The rows with the largest or smallest value in a column can be selected with the functions 'top_k' and 'bottom_k'.

In [None]:
# the most streamed song on Spotify in one day worldwide: Easy On Me by Adele
df.top_k(1, by="streams")

We can listen to that one, too.

In [None]:
# plays a preview of the song with Spotify. If there are multiple songs in the dataframe, a row number can be specified.
play_song(df.top_k(1, by="streams"))

Rows can be selected precisely using the `filter` method and a Boolean expression. For example, we can select all records of a particular artist.

In [None]:
# two rows for the singer "Adele".
# eq stands for equals
df.filter(pl.col("artist").eq("Adele")).head(2)

An overview of important operators:
- Equal (`==`): `eq`
- Not Equal (`!=`): `ne`.
- Greater Than (`>`, `>=`): `gt`, `ge`
- Less Than (`<`, `<=`): `lt`, `le`
- Between: `is_between`
- Equal to one of a set: `is_in`.

Logical expressions can be linked with:
- conjunction/AND: `&`
- disjunction/OR: `|`
- Contravalence/XOR: `^`
- Negation/NOT: `~`

In [None]:
# two entries for the song "Easy On Me" by Adele with more than 3 million streams in one day
df.filter(pl.col("artist").eq("Adele") & pl.col("title").eq("Easy On Me") & pl.col("streams").gt(3_000_000)).head(2)

Instead of the operators `eq` and `gt` it would also be possible to use the standard Python operators `==` and `>`. But then all logical subexpressions have to be compounded. What you prefer is in the end a matter of taste 😁

In [None]:
df.filter(pl.col("artist").eq("Adele") & pl.col("title").eq("Easy On Me") & pl.col("streams").gt(3_000_000)).head(2)
df.filter((pl.col("artist") == "Adele") & (pl.col("title") == "Easy On Me") & (pl.col("streams") > 3_000_000)).head(2)

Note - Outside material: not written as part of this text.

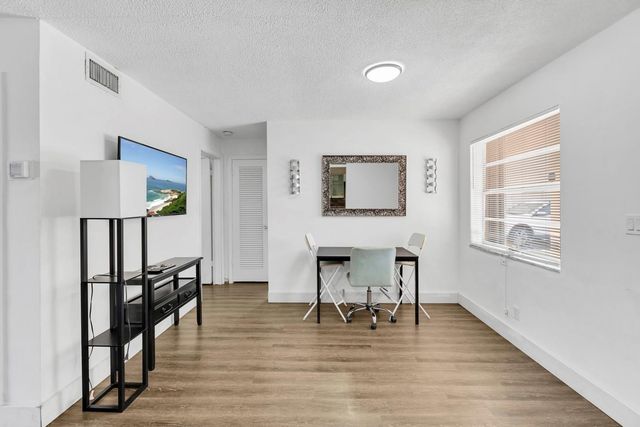 4770 NW 10th Court 106, Plantation, FL 33313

For a comparison with a specific date, the date can be generated with the function `pl.date`.

In [None]:
# two entries for May 1, 2017
df.filter(pl.col("date").eq(pl.date(2017, 5, 1))).head(2)

In [None]:
# the ranks 5 to 10 for July 19, 2018
df.filter(pl.col("date").eq(pl.date(2018, 7, 19)) & pl.col("rank").is_between(5, 10))

We can also plot daily streams or ranks with a helper function.

In [None]:
some_song_df = df.filter(pl.col("artist").eq("Juice WRLD") & pl.col("title").eq("Lucid Dreams"))

In [None]:
plot_streams(some_song_df)

In [None]:
plot_rank(some_song_df)

## Exercises on projection and selection

You can do the exercise right here in the notebook. For each exercise there is an object (`q1`, `q2`, `q3`, ...) that contains the question, a hint, an answer check and the solution.

In [None]:
# The method "question" prints the question.
q0.question()

In [None]:
# Then there is always a cell with a hint in which variables the solution should be written.
# Feel free to create more cells to inspect your solution more closely.
awesome_company = ...

In [None]:
# the method "check" checks a solution
q0.check(awesome_company)

In [None]:
# the "hint" method displays a hint
q0.hint()

In [None]:
# the "solution" method prints the solution
q0.solution()

Now it's your turn with the real exercises!

### Question 1

In [None]:
q1.question()

In [None]:
q1_df = ...

In [None]:
q1.check(q1_df)
#q1.hint()
#q1.solution()

### Question 2

In [None]:
q2.question()

In [None]:
q2_df = ...

In [None]:
q2.check(q2_df)

### Question 3

In [None]:
q3.question()

In [None]:
q3_df = ...

In [None]:
q3.check(q3_df)

### Question 4

In [None]:
q4.question()

In [None]:
rank_1 = ...
rank_200 = ...

In [None]:
q4.check(rank_1, rank_200)

### Question 5

In [None]:
q5.question()

In [None]:
q5_df = ...

In [None]:
q5.check(q5_df)

### Question 6

In [None]:
q6.question()

In [None]:
q6_df = ...

In [None]:
q6.check(q6_df)

## Series

Normally we always work on a dataframe. For the sake of completeness, however, it should be mentioned that there is a `series` data type for the individual columns. With the method `get_column` or the subset operator `[]` a column can be retrieved from a dataframe.

In [None]:
df.head(2).get_column("title")

In [None]:
df.head(2)["title"]

In [None]:
type(df.get_column("title"))

## Data types

Polars can store many different types of data in one column.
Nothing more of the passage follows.